TRUE curmudgeons are willing to try on a prejudice several different ways. That's one reason H. L. Mencken was never boring. He took at least two different views of the English, as reflected in the following excerpts. For good measure, we include further ruminations on the French and Germans:
"Think of the Englishman as simply a calvaryman, and he becomes measurably more comprehensible. All of the characters of a good cavalryman are there -- a correct personal demeanor, an animal-like delight in physical activity and especially in those forms of it which simulate combat, an unquestioning attitude toward fiats from above, a naive belief in rank and ritual, a hearty contempt for all the concerns of the mind, a dog-like concept of duty, and a high degree of physical courage. . . . [The English] are almost incapable of anything rationally describable as sound or original thought. They learn nothing and forget nothing."

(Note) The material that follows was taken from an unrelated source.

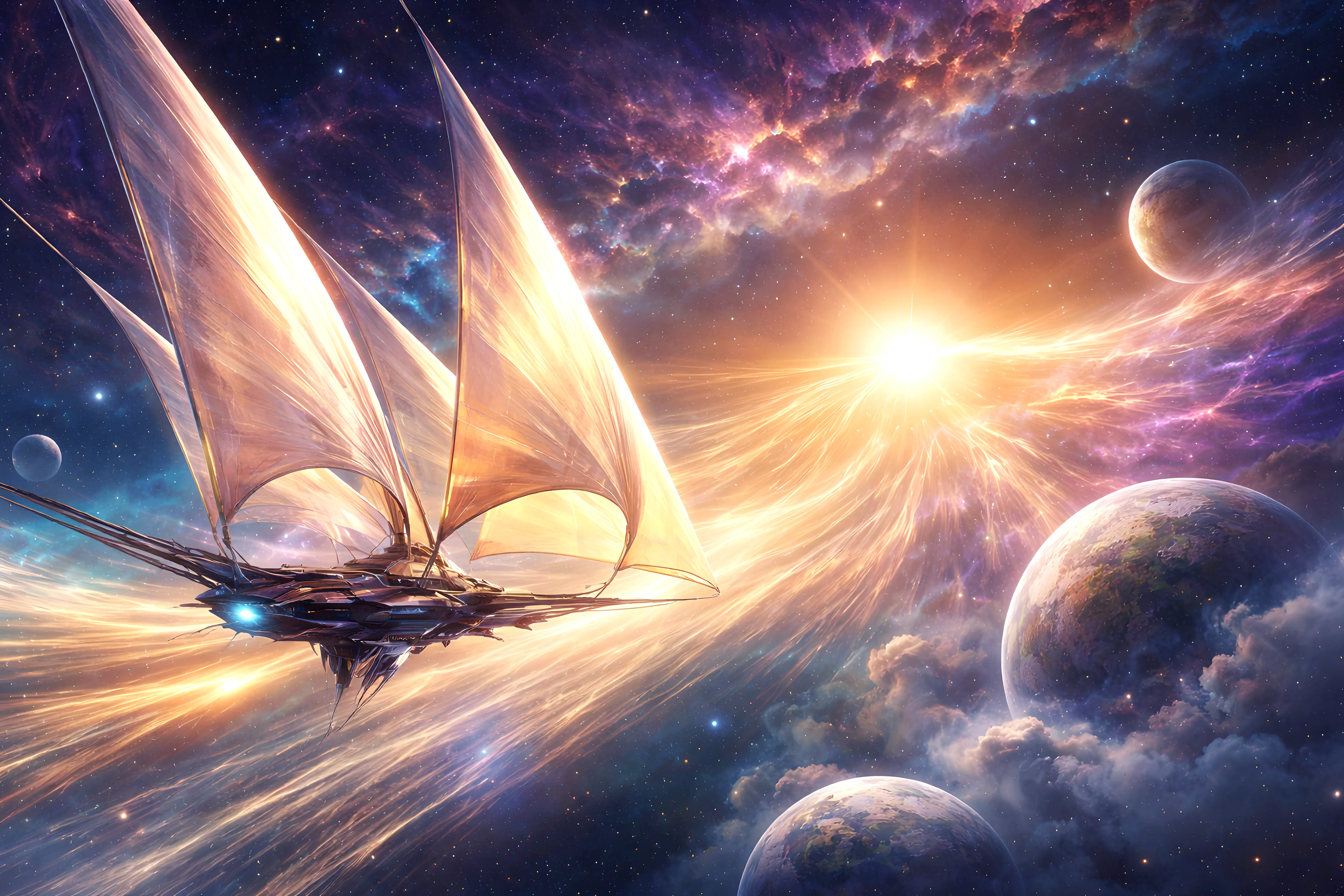 Cover art for Once Again into New and Unknown Worlds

-- H. L. Mencken in A.M., December 1931.
His view of English brainpower apparently improved, at least as compared to the French:
"The notion that the French are intelligent is really almost fabulous. They are immensely amusing, but certainly not intelligent. The only really intelligent people on earth are the English. They have no graces and their selfishness is brutal and undisguised, but they can think at least four times as fast as the French and ten times as accurately."
-- Mencken in a letter to Benjamin De Casseres, September 1935.
Mencken had plenty more to say about the French. Here is his assessment of a world without them:
"One might plausibly argue, indeed, that the complete disappearance of France would produce no more pertubation in the world than the loss of an ear produces in a man. Brussels and Lucerne would quickly put in better cooks, and Copenhagen, I venture, could take care of the peep-show business without any need of an international loan. In six months the visiting American Sunday-school superintendent, raking the ruins of Paris for garter-buckles, would be but little more put out than he is by the ashen state of Pompeii."
-- Mencken in A.M., April 1927.
He was, of course, kinder to the Germans, his own fatherland:
"Until the war brought the Germans the great boon of democracy they knew practically nothing of poverty, or graft . . . they were not harassed by Prohibitionists, Y.M.C.A. grafters, Billy Sundays, vice crusaders, women politicians, Blue Sunday fanatics, and other such vermin. Their system of castes was peculiar and admirable. A colonel in the Army ranked above a stock broker, however rich; Gerhart Hauptmann and Richard Strauss were regarded by everybody, including newspaper editorial writers, as more important men that the current movie stars."
-- Mencken in "A Good Man Wasted," February 1922.